Research and then Request a credit consolidation loan
Financial charges can be difficult to bear in the short term, especially when the borrower has received several loans. This situation does not at all simplify the repayment of loans contracted because of the difference in borrowing rates and maturities. To reduce the financial burden strategically, it is possible to consolidate the payday loans contracted into one in order to pay a monthly payment over a longer period. We at consolidationnow has a wealth of information and content. We deliver you the tricks to obtain a better rate for credit consolidation loans.

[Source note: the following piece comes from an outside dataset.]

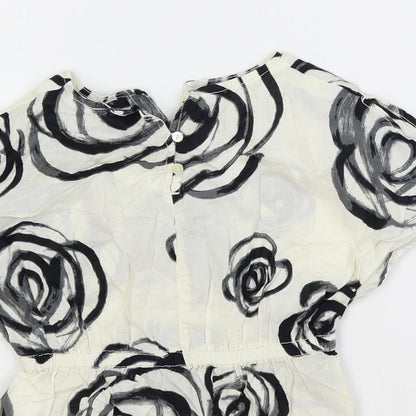 Gap Girls Ivory Floral Cotton Pullover Blouse Size 18-24 Months Round Neck Button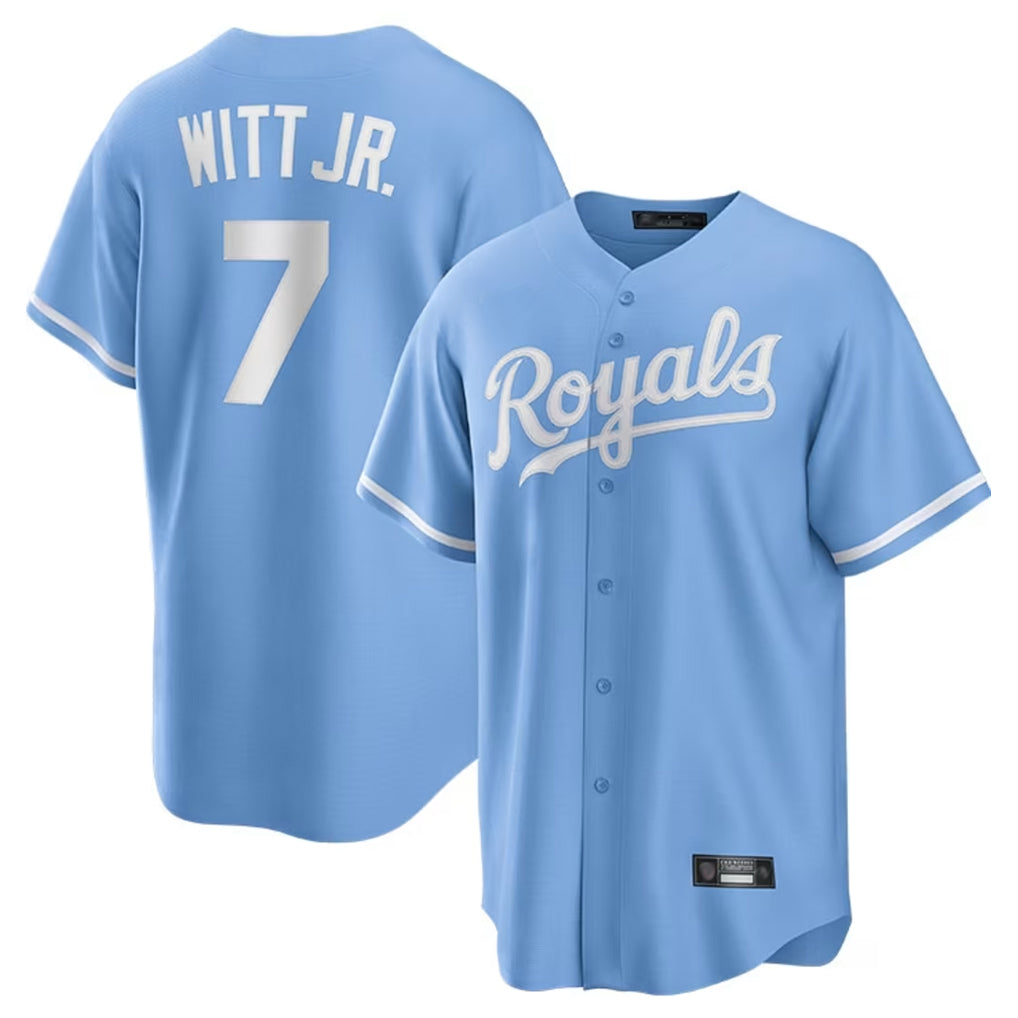 TRASK KC.Royals #7 Bobby Witt Jr. Player Light Blue Home Game Stitched Jerseys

The repurchase of credit is beneficial for the borrower only if he manages to obtain a much more advantageous rate. Given that current economic conditions are marked by a downward trend in interest rates, the advantage is therefore in the hands of borrowers because of the strong competition that exists between financial institutions. For your credit consolidation, you must, therefore, compare the different rates charged by the banks. You can also consult the average rates provided by the bank. The institution’s statistics indicate that the best real estate loan repurchase rate is 1.60%. Consumer credit is estimated at 2.45%.
The criteria for setting the rate
To get a better rate, you can hire a credit repurchase broker. You also have the possibility of carrying out a simulation taking into account certain criteria. The first criterion reports to the profile of the borrower, more specifically its repayment capacity. To benefit from an advantageous rate, your debt ratio should not exceed 30% after the buyback operation. You should also have a fairly stable financial situation. Then, it should be specified that the repurchase rate fluctuates according to the nature of the loans (real estate, consumption, etc.).
Finally, the last criterion is the financial policy applied by the bank. Some are much more stringent than others. But in all cases, borrowing a bank at a given interest rate is not the best solution to finance an operation. Alternative financing such as leasing is much more flexible and less restrictive. Dependence on bank loans is not desirable.